Law Society of Singapore: finally wakes up, thanks to Ravi

First it was the SMRT train disruptions last December that incurred the wrath of Singaporeans already fed up with the massive imports of cheap labour. Hot on the heels of this debacle, PM Lee was roundly rebuked by Singaporeans for dragging his feet over whether to hold a by-election in Hougang.

Now the latest controversy involves the Law Society of Singapore which tried three times to stop Ravi from representing a Hougang resident in the High Court.

Its representative produced a letter from Ravi’s psychiatrist declaring that his mental condition rendered him unfit to practise law. The intriguing question is why the psychiatrist was so co-operative.

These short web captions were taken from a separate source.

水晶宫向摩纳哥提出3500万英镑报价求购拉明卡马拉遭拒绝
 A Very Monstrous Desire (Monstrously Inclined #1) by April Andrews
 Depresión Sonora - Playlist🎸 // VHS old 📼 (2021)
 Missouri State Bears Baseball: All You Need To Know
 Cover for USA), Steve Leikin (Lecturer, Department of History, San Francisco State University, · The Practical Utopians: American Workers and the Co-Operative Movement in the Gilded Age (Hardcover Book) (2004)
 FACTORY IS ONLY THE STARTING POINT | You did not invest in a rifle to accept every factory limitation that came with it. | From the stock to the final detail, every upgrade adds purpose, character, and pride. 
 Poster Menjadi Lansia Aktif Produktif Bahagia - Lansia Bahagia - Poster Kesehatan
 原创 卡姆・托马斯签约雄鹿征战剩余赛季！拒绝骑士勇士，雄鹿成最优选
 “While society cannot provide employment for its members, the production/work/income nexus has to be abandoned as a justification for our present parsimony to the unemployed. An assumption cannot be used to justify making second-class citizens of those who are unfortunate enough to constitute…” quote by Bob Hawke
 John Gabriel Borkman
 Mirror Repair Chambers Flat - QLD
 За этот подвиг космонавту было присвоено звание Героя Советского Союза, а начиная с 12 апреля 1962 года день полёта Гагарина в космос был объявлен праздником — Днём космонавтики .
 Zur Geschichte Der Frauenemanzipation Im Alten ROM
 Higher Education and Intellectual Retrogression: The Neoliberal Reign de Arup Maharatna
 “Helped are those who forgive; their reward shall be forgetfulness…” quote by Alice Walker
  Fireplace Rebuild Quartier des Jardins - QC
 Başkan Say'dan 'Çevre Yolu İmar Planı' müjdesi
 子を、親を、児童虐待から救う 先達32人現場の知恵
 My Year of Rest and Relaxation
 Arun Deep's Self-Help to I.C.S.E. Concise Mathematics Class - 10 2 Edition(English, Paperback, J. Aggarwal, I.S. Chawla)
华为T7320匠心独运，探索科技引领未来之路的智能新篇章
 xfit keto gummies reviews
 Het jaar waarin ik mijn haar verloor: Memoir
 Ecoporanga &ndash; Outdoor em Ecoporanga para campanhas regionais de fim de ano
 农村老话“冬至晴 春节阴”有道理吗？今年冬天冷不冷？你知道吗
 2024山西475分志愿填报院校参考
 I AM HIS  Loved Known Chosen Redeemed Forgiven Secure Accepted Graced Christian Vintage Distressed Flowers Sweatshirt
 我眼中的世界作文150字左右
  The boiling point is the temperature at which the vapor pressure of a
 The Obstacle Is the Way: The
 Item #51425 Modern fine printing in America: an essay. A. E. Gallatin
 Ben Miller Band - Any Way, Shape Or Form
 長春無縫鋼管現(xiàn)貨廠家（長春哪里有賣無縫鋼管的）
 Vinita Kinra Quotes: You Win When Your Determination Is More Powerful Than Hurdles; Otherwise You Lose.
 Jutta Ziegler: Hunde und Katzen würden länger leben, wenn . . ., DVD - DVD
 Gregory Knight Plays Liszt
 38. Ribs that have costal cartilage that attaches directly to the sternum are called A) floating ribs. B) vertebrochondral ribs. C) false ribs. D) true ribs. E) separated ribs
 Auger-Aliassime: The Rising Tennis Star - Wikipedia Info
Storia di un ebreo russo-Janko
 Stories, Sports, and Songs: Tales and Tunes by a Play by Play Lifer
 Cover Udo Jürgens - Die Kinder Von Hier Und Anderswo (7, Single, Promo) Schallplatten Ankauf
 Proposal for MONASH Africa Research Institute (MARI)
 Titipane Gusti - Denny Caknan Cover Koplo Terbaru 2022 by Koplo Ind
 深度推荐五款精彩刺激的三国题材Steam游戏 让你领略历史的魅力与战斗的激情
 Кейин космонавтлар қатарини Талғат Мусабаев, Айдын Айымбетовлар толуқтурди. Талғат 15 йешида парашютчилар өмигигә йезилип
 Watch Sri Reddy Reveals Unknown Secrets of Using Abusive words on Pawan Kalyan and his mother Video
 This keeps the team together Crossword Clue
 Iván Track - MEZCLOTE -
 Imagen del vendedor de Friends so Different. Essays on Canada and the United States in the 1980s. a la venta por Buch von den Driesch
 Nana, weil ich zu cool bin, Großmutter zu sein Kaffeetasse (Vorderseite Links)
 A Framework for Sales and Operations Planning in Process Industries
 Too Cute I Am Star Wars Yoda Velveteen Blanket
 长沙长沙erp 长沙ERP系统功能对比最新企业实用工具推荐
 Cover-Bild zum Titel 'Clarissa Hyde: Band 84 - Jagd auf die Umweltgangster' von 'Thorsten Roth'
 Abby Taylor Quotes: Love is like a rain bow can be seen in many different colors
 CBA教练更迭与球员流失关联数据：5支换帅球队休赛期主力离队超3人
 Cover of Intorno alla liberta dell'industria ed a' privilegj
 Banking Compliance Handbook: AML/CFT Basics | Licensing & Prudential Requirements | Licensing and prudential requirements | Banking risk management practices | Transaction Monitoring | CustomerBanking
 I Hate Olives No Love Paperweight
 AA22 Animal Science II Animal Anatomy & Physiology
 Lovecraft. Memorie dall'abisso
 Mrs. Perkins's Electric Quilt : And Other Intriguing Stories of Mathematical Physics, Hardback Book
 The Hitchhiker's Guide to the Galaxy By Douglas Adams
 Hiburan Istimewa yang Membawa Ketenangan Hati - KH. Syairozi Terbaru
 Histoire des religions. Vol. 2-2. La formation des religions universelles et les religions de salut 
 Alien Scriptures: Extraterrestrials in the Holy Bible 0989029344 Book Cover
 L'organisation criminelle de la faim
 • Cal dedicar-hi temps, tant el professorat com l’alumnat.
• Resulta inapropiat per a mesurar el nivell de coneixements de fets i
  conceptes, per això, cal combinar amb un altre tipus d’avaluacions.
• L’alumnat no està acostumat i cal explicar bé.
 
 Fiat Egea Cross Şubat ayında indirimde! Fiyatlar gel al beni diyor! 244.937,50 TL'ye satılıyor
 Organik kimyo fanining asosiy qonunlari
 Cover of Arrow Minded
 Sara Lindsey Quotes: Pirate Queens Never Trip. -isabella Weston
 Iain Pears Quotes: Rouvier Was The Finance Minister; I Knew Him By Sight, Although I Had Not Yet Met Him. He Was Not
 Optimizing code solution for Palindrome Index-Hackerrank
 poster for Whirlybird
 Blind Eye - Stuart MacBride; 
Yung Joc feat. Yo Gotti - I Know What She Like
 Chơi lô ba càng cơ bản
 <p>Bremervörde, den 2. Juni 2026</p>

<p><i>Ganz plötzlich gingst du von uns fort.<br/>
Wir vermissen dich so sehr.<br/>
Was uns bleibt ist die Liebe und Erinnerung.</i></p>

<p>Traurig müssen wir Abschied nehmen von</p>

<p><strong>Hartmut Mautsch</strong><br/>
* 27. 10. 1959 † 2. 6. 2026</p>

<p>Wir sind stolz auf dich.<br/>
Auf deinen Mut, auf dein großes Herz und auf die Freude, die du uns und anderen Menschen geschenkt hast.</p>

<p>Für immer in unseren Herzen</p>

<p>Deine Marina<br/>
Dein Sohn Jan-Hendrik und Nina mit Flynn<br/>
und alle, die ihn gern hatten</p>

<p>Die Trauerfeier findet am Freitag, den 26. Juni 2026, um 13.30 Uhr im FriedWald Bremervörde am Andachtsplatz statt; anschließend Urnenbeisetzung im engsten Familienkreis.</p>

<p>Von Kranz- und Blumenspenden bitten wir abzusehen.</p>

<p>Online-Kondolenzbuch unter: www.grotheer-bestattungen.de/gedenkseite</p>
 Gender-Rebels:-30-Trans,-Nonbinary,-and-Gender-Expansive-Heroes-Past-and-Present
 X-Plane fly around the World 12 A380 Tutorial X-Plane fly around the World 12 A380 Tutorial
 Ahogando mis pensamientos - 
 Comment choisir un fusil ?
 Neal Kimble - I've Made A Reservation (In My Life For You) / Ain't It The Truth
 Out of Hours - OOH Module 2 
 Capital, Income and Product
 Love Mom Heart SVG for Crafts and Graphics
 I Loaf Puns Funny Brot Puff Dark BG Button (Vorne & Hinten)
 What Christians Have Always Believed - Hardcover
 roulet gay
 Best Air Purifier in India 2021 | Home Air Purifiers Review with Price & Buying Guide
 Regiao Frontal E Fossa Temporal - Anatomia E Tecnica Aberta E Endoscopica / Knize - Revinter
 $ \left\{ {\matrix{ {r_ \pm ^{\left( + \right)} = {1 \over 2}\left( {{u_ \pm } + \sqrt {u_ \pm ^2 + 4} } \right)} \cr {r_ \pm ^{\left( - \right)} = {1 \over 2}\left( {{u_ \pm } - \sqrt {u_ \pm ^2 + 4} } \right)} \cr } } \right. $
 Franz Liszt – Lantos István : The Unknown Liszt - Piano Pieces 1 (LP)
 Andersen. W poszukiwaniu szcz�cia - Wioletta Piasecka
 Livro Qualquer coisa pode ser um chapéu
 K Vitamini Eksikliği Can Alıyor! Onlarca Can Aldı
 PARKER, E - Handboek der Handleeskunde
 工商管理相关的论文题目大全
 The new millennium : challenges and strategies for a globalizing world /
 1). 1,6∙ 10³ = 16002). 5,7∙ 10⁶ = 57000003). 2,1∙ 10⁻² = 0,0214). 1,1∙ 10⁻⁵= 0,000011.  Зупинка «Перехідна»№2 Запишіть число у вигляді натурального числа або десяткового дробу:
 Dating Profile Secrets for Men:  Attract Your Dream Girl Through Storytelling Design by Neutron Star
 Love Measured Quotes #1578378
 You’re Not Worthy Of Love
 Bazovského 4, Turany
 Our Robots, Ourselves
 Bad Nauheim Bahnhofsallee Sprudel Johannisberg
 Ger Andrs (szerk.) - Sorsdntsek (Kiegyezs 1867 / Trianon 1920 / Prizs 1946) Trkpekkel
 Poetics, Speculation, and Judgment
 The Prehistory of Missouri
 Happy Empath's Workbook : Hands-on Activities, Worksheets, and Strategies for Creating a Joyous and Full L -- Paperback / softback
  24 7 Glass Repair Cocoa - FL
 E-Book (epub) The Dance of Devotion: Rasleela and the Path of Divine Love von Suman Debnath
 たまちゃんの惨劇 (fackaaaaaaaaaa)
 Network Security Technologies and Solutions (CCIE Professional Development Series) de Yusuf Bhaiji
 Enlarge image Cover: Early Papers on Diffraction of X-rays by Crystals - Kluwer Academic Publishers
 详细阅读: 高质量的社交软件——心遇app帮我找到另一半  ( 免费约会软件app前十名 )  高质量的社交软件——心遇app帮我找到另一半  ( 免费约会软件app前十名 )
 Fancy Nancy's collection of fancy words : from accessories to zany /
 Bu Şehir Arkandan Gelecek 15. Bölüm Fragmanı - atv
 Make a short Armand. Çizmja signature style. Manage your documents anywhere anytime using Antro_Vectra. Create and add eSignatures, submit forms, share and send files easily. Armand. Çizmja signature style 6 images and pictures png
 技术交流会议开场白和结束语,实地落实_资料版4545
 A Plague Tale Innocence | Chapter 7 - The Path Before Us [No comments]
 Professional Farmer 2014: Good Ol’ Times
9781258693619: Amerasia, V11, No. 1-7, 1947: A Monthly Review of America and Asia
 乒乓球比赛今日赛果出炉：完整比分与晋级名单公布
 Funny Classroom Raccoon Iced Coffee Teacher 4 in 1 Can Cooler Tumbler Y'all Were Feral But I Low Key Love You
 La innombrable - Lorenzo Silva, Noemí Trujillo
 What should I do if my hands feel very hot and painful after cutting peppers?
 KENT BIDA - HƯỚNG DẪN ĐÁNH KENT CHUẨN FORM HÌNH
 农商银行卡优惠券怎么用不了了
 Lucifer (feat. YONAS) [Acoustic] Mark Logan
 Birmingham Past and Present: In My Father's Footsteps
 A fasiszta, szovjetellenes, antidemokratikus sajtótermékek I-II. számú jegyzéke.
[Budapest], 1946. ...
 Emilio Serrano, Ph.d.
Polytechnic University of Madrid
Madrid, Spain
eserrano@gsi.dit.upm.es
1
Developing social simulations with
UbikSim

His conduct raises the issue of doctor-patient confidentiality. At a time when the government is making great effort to signal that there’s nothing to be ashamed about mental health, this psychiatrist has single-handedly destroyed the good work done by health professionals and hospitals.

What also raises eyebrows is that the normally quiet Law Society of Singapore all of a sudden, to the consternation of many Singaporeans, found some hidden source of energy to bestir itself to treat the psychiatrist’s letter as a matter of the highest urgency and barged into the courts.

Now the latest twist and turn of the high drama has the Law Society of Singapore coming out with the excuse that its representative had acted on his own but with the best intentions and that it was unaware of the drama until later in the afternoon.

Many Singaporeans have no respect for the Law Society of Singapore for its “Silence is golden” motto. In most countries, the Law Society is in the forefront fighting for fair play and justice. But ours play it safe, apparently fearing to step on certain toes.

The Law Society of Singapore finally wakes up. The sequel should be riveting.